--- START ---

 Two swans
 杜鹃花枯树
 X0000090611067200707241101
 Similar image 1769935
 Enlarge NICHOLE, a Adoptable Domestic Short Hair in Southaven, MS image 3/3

--- END ---

Exact reproduction of the listing above is required.

■ Completed task ■
 Two swans
 杜鹃花枯树
 X0000090611067200707241101
 Similar image 1769935
 Enlarge NICHOLE, a Adoptable Domestic Short Hair in Southaven, MS image 3/3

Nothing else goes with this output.